I headed north and east on U.S. 89, the same highway that I took all the way to Yellowstone. Up and over a pass and into Wyoming, where I noticed that I was not as alert at the wheel as I could be, so I stopped in a forest service campground, let my seat back all the way, grabbed my pillow and afghan, and crashed for a couple of hours.
Much refreshed, I arrived in the town of Afton an hour or so later, where I got stuck in a bathroom line with a bunch of French-speaking bus tourists, and saw what is purportedly the world’s largest antler arch across the main drag in town. I did not get a photo of it, but if you click here you can get a look at it.
My goal for the day was the ski resort of Jackson Hole (no, not Jackson’s Whole — that would be the wrong Nexus, thank goodness), where I was going to spend tonight, and Grand Teton National Park, where I would spend the rest of the day.
I’d spent about half an hour on my cell phone last night in the campground — I don’t know why I’m still astonished that I can talk on the phone in places that remote, but I am — making sure I had a place to sleep tonight at the hostel in Teton Village (at the base of the ski resort) and for the next two nights (they didn’t have space after that — last minute trip planning can be a bear) at the hostel in West Yellowstone.
I hadn’t spent any time to speak of in the Tetons since I was a kid. In 1999 on my Long Trip (see my book Cross-Country: Adventures Alone Across America and Back) I’d spent an evening on a dinner cruise on Jackson Lake with some friends, and in 2008 my friend Mary and I passed through, stopping for a few photos, on our way from Yellowstone to Denver for WorldCon, but that was pretty much the extent of it. In all the rest of my jaunts to Yellowstone, I hadn’t bothered to come south even that far. So I wanted to spend a little time here, at least.

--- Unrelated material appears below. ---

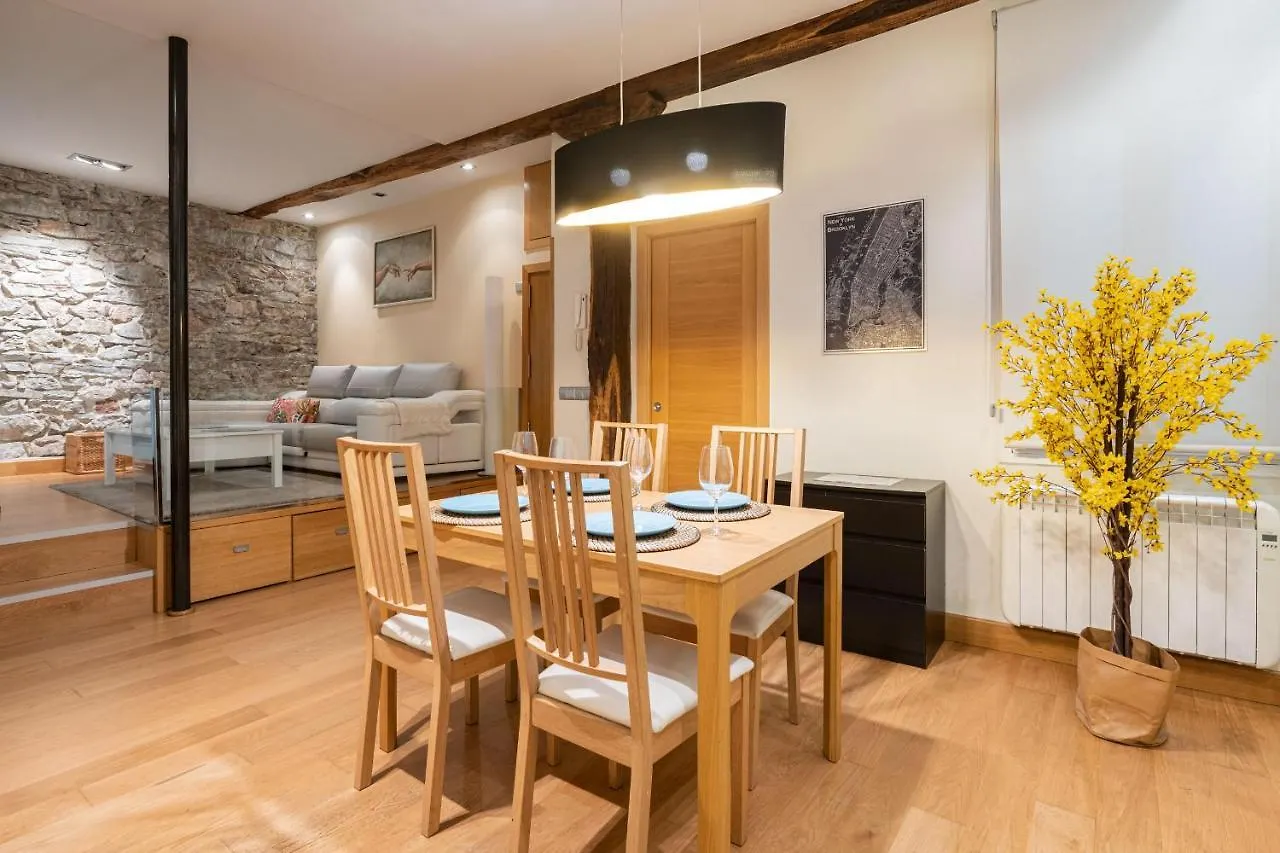 Smart Urban By People Rentals San Sebastián 0*,  İspanya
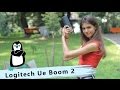 Video review Logitech Ultimate Ears Boom 2 Phantom (984-000557)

The Tetons are spectacular, I’ll give them that, but they strike me as a bit — aloof. It’s hard to get out in them without doing a lot more hiking than I’m capable of. I stopped along the roadside to take pictures and to look at wildflowers (which were everywhere), and then at the visitor center at Moose, which was fun. Then I drove out to Jenny Lake and decided on a whim to take a boat ride across the lake to a trailhead that led to a waterfall.
The boat ride was fun. It was also a great way to cool off from the 80+ degree temperatures. And the hike to the waterfall, albeit with a boatload of my new close friends, was good, too. So that was worth it.
After the ride back, though, it was getting late, and I took what was supposed to be a short cut but turned out to be a goat trail back to Teton Village.
And I ended my day by scaring the bejeebies out of myself. There was this gondola, you see. It was free in the evenings. I thought it would be like the gondola at Crystal Mountain here in Washington state, which is a pleasant little ride. This was not a pleasant little ride. It turned out to be about three times as long and three times as steep, and by the time I got to the top, I was a gibbering idiot (I don’t do manmade heights, at least not ones like these). If you want to see what the view from the top looks like, click here. I left my camera in the car.
I almost couldn’t make myself ride it back down again, but a group with a baby(!) got in the gondola with me, and that happy little baby was a great distraction. Thank goodness. I’m not sure I’d have made it down sane without him!